I just read PowerShell, Pester, and Ola Hallengren's Maintenance Solution by @sqldbawithbeard and I'm certainly going to give it and Mike Robbins' Operational Validation framework a try soon.
I do however have a similar process already in place using PowerShell and Jenkins. What I find interesting though is that nothing is ever as easy as the demo because tests are hard.
Here's Rob's list and everything I had to work around on real systems while building my own tests.
SQL Server Agent is running
It seems straightforward.
Of course Windows Internal Database and Express don't have Agent so ignore those, if you have them, after you identify which edition they are.
In fact I go one step further and validate the service is set to start automatically as some installs default to it off while administrators or developers may manually shut it down during vMotions and who knows what, respectively.
Of course then you have to make sure you exclude failover clusters. Because those are set to manual so Windows can manage them.
But there's other non-failover cluster third party software which offers psuedo-cluster functionality for business continuity and disaster recovery and which does the same thing by managing the agent services itself.
Before you know it the edge cases outnumber the tests.
We should have 4 backup jobs
Definitely 4, not 3, and 5 is right out.
Unless of course someone builds a 500GB database with SQL CLR UDTs which slow down DBCC to a crawl, so you move the backups and maintenance for that database into their own jobs or steps with different flags, and possibly start staggering some stuff so it finishes on the weekend without dripping into Monday.
Then you've got more. But just kind of sweep them under the carpet. We have file system backup checks so that covers most of it…
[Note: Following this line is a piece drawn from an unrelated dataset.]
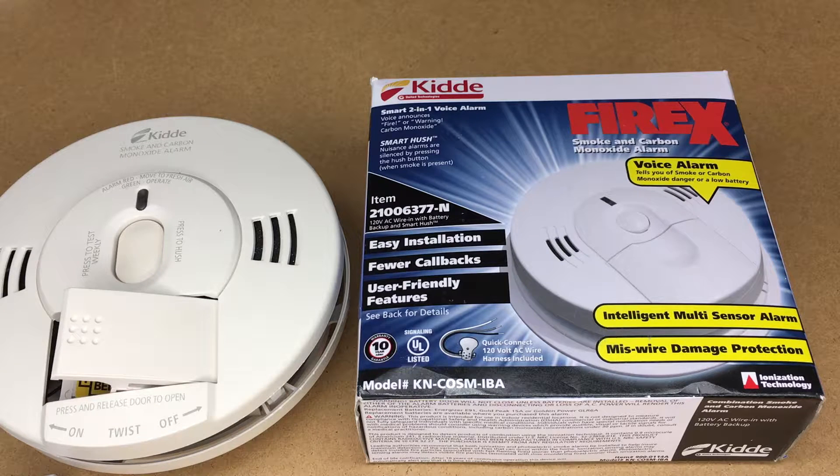Welcome. In this video I'm going to be taking a look at the Kidde Fire X model KN-COSM-IBA smoke detector and carbon monoxide alarm. This one also has a voice alarm on it.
We should have the clean up jobs
Just never add a job step to do another kind of clean up and then forget you rolled it out only to half of the servers so the rest are missing the step. And then don't design a test that compares against the raw original job you rolled out because then you find tests failing on all of the stuff you justifiably modified to cater for the big databases above.
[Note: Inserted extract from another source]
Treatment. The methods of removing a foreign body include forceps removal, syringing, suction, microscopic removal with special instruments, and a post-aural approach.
All jobs should be scheduled (and enabled)
Job exists. Job scheduled. Schedule enabled. We're all set to go.
Unless the job is disabled. Better check the job is enabled.
And that the schedule is in the past, not a year from now. I don't know how that happened.
And that the schedule triggers every day or on whatever other period I expect and not just every February 29th that is also coincidentally a Friday. Okay that has never happened but I've seen similar. I think someone was trying to rattle me on purpose!
The jobs should have succeeded.
All tests pass.
Except on new systems where the jobs haven't had the chance to run once yet. So remember to run the jobs when you first build them onto a system.
So then the tests pass unless someone just created a new developer database. Then the tests are going to fail until the next full backup; unless you're using @ChangeBackupType = 'Y' in your DIFF job.
Look that's all. I'm not saying it's not worthwhile. I'm not saying it doesn't get better. I'm just saying nothing is ever as easy as the demo.